=== What is expected ===
Exactly and only the lines from the line holding "Logo de la certificación" to the end of the records should be reproduced. Leave pictures out.

####################

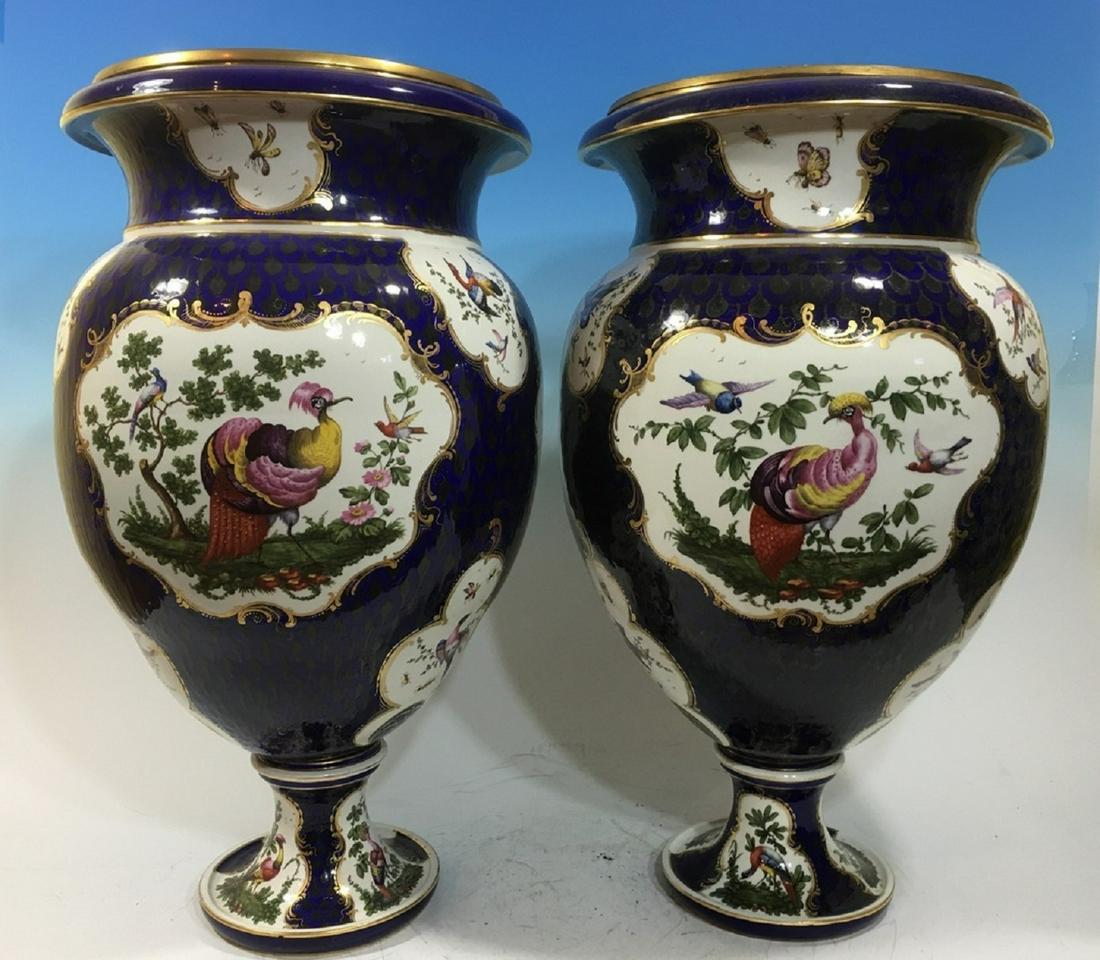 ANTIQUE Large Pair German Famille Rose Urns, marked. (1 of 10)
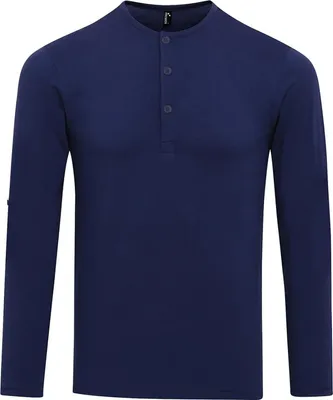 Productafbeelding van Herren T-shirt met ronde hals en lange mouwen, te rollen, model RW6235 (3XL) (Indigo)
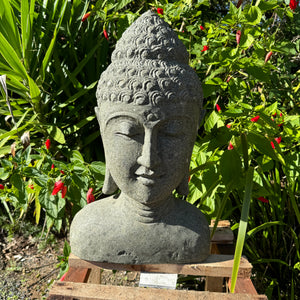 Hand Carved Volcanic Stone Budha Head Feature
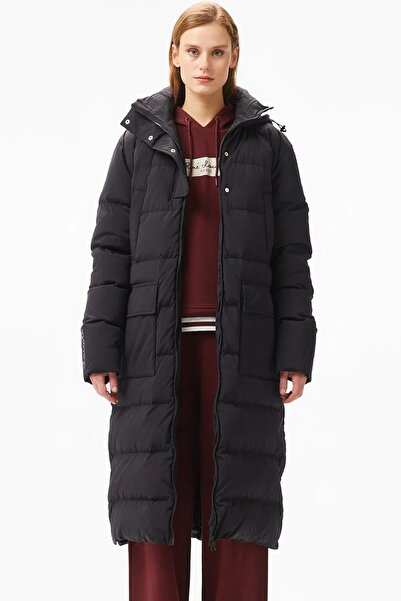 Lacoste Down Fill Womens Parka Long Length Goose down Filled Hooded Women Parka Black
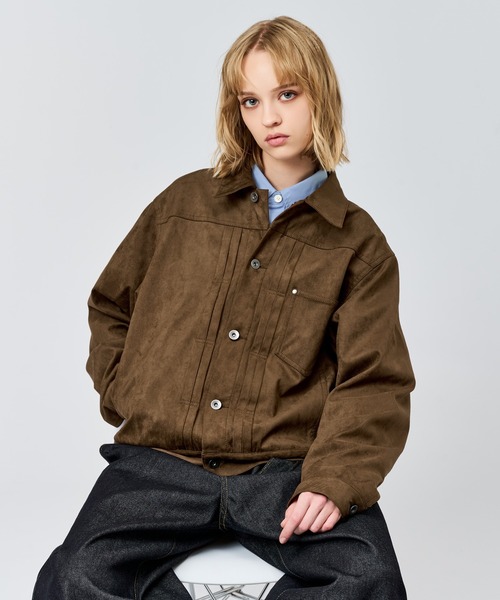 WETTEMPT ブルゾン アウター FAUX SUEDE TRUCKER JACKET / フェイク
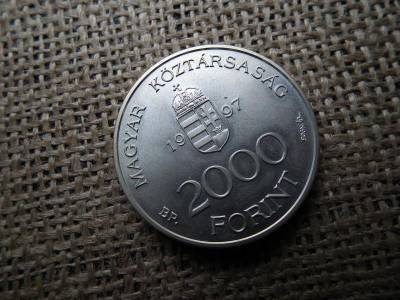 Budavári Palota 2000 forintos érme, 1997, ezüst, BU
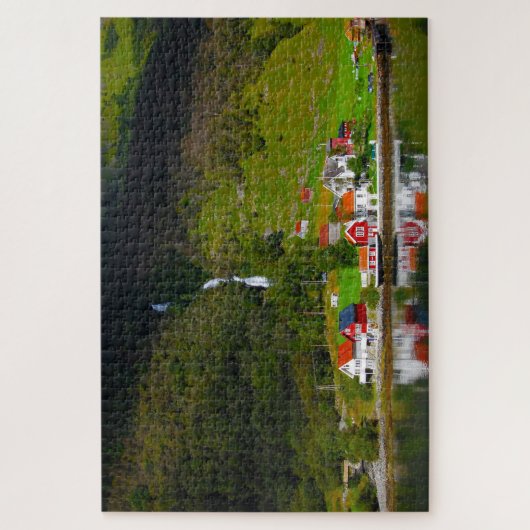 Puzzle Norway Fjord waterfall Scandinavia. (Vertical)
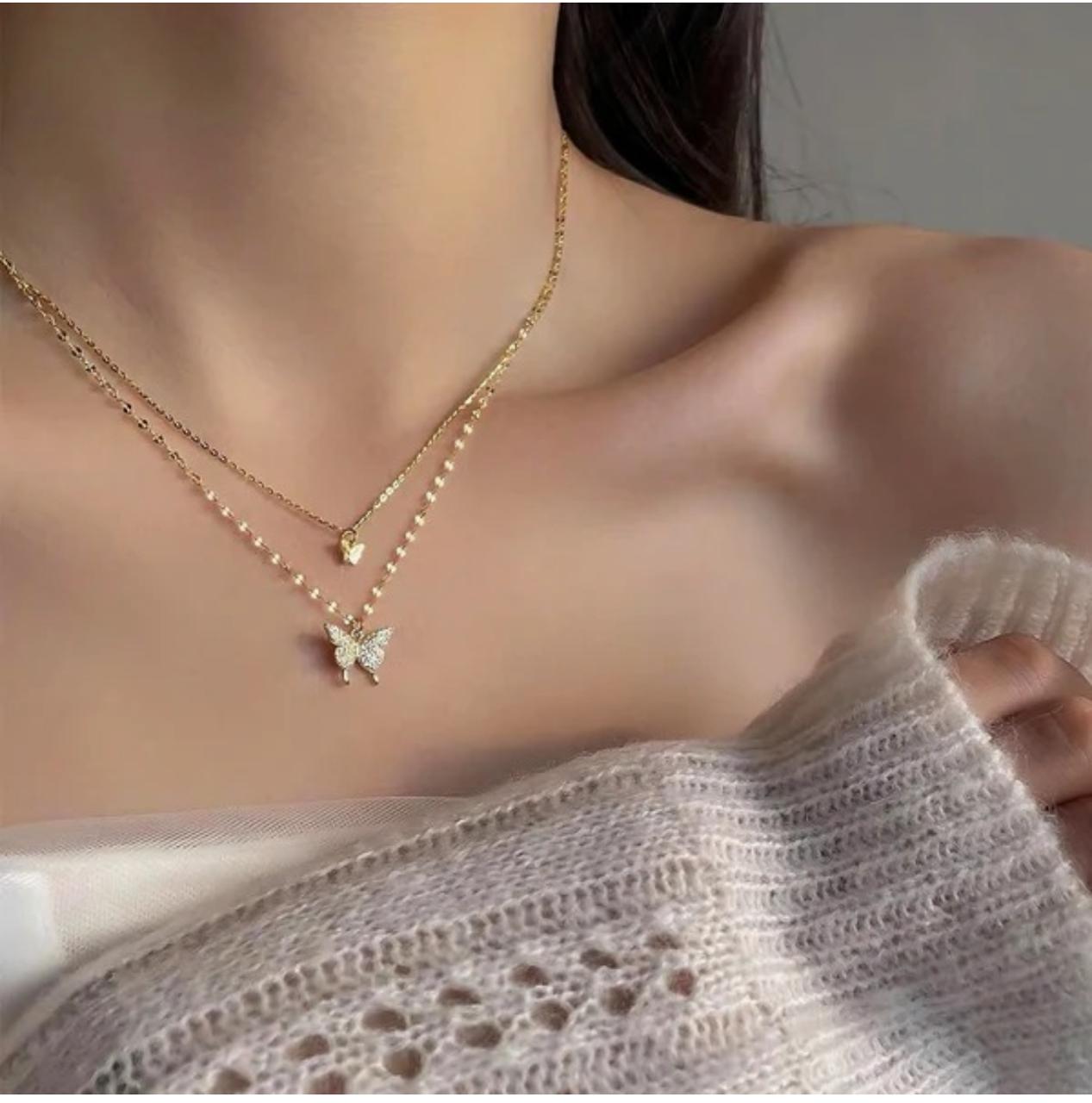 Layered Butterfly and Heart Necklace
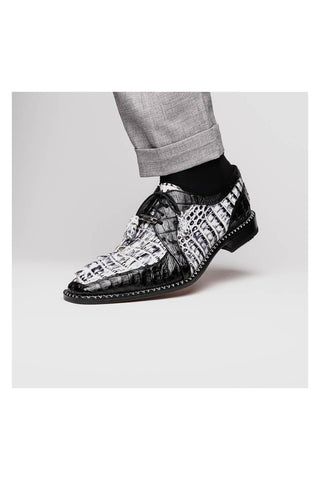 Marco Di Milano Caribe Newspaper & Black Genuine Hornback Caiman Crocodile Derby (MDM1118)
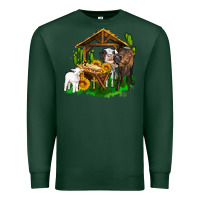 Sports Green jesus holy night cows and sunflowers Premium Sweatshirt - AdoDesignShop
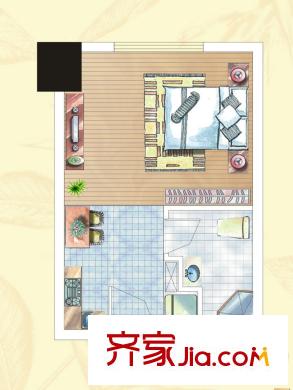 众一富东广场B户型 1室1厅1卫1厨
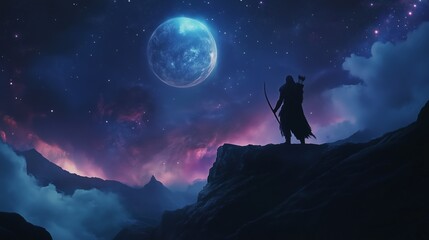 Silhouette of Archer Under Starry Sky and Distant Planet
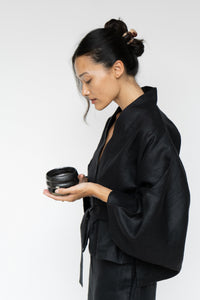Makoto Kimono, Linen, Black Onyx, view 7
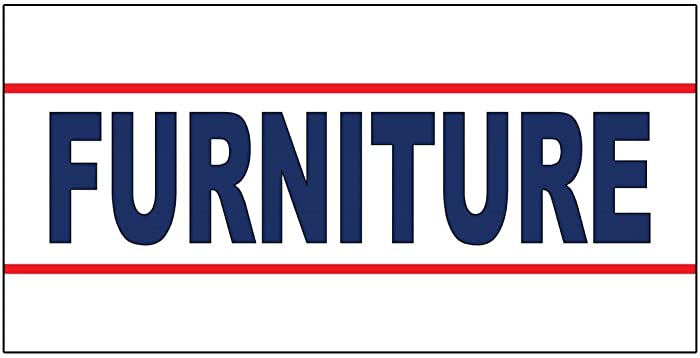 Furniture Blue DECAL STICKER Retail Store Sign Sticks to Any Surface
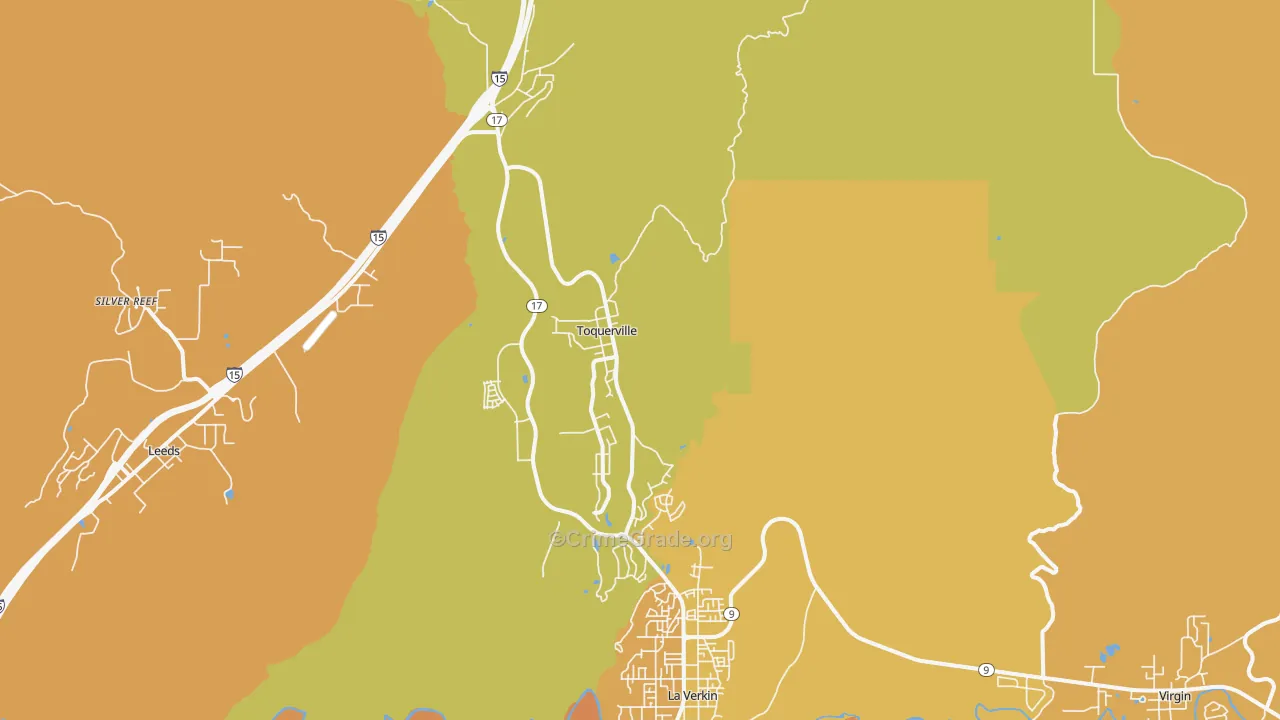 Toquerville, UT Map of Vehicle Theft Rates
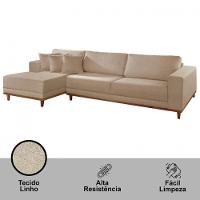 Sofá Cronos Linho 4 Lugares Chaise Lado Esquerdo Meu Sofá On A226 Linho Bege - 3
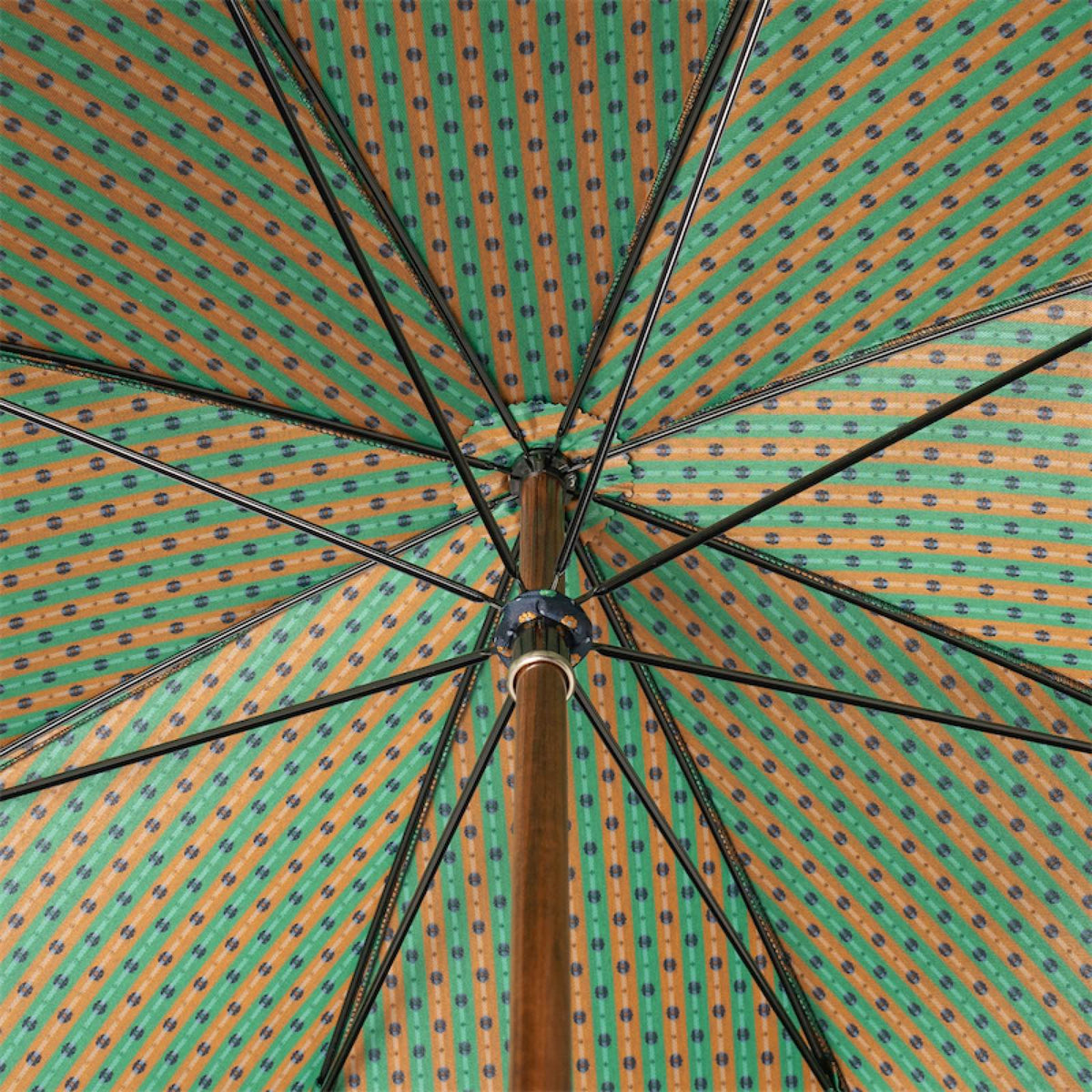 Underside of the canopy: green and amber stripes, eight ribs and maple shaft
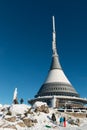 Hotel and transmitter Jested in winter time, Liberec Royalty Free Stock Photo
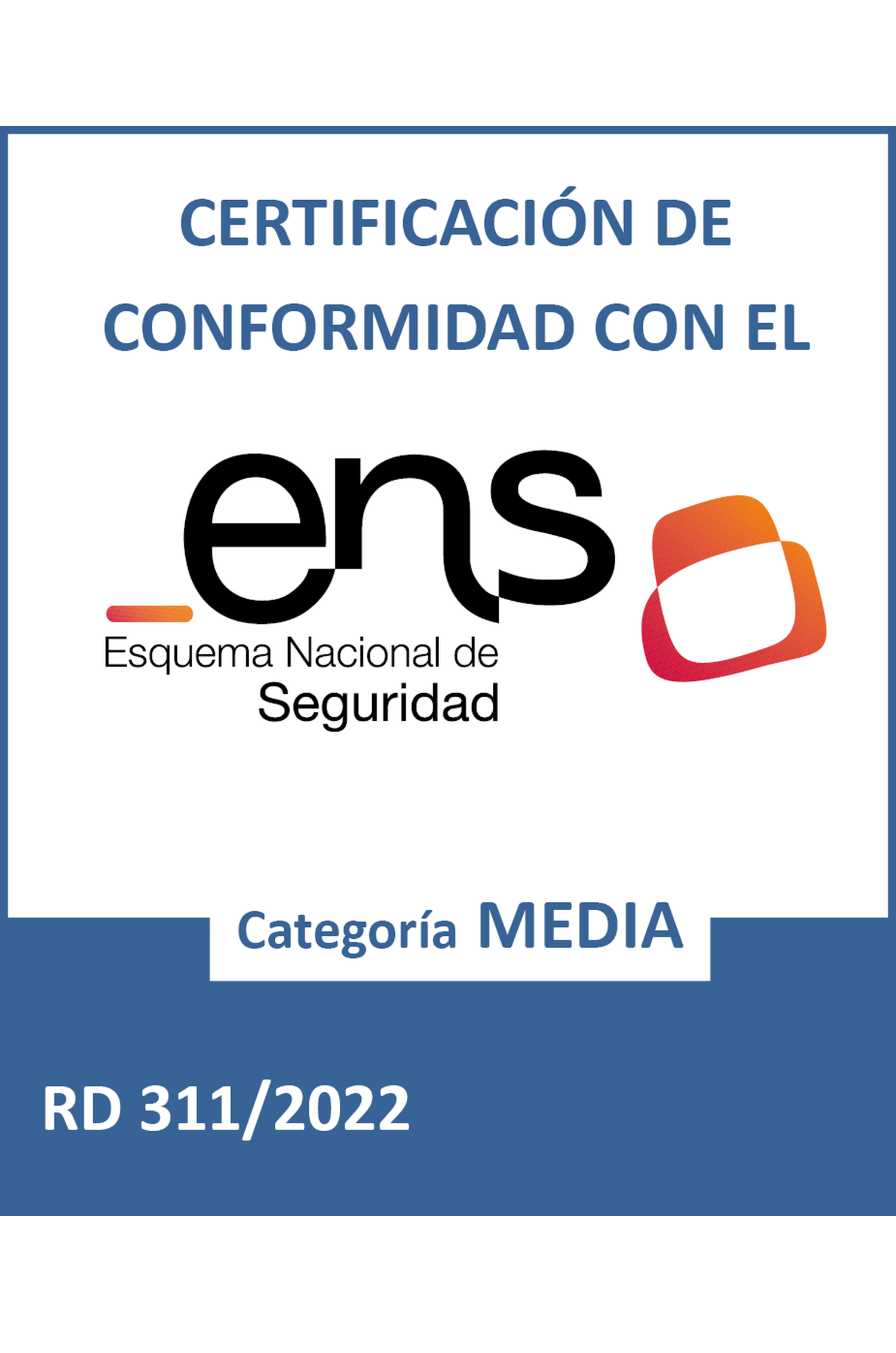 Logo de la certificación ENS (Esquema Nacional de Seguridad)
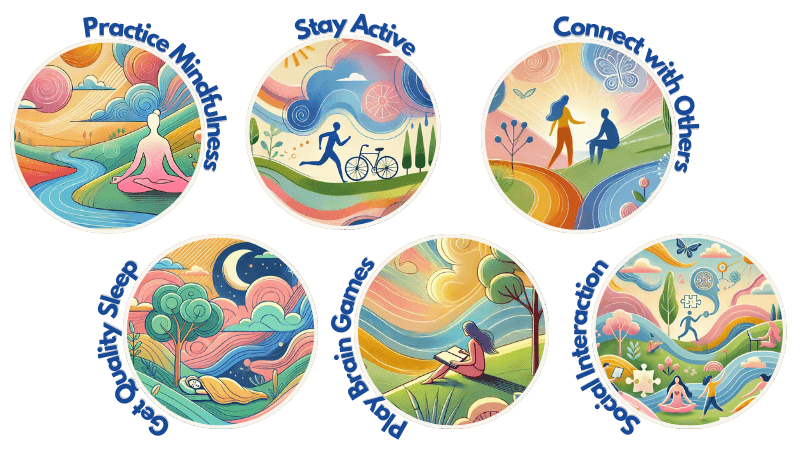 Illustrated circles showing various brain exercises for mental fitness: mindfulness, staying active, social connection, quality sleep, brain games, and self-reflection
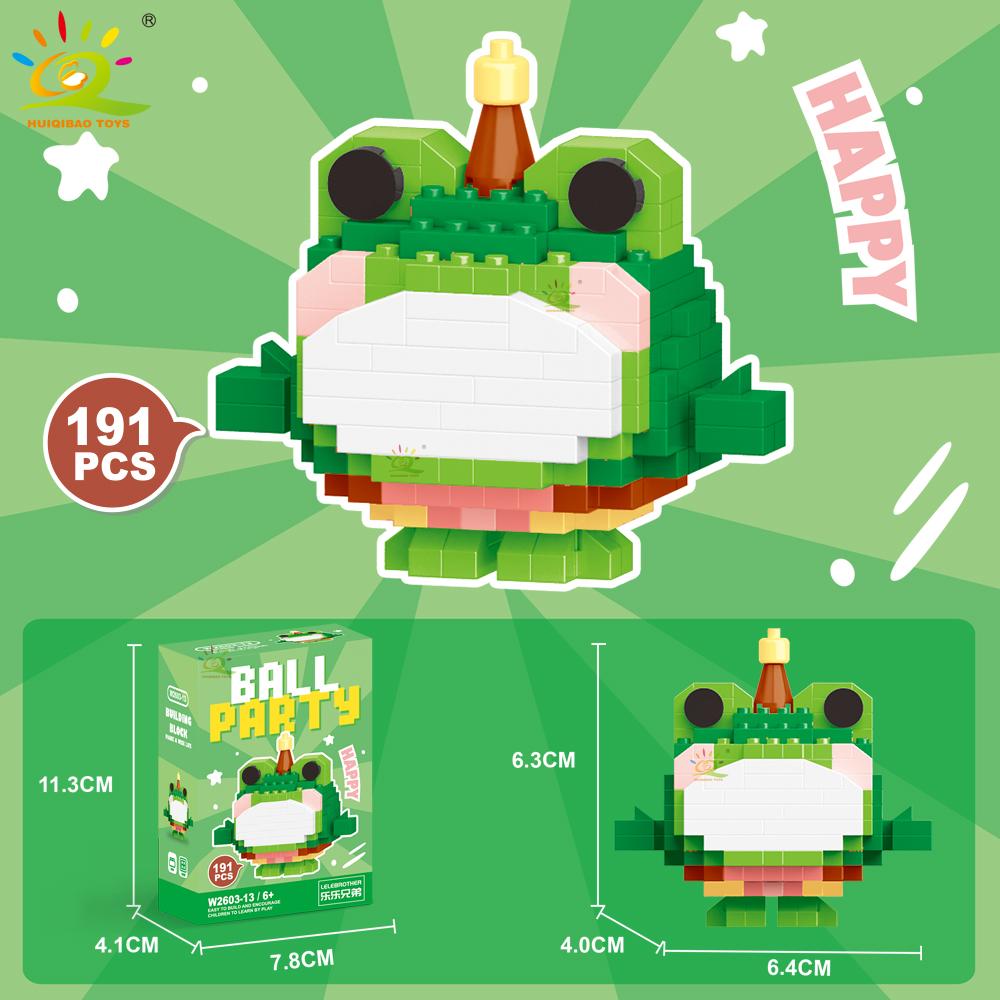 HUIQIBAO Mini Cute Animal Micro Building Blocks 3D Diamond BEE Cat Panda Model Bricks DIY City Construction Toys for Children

####################

=== Problem solution ===
 Logo de la certificación ENS (Esquema Nacional de Seguridad)
 Illustrated circles showing various brain exercises for mental fitness: mindfulness, staying active, social connection, quality sleep, brain games, and self-reflection
 HUIQIBAO Mini Cute Animal Micro Building Blocks 3D Diamond BEE Cat Panda Model Bricks DIY City Construction Toys for Children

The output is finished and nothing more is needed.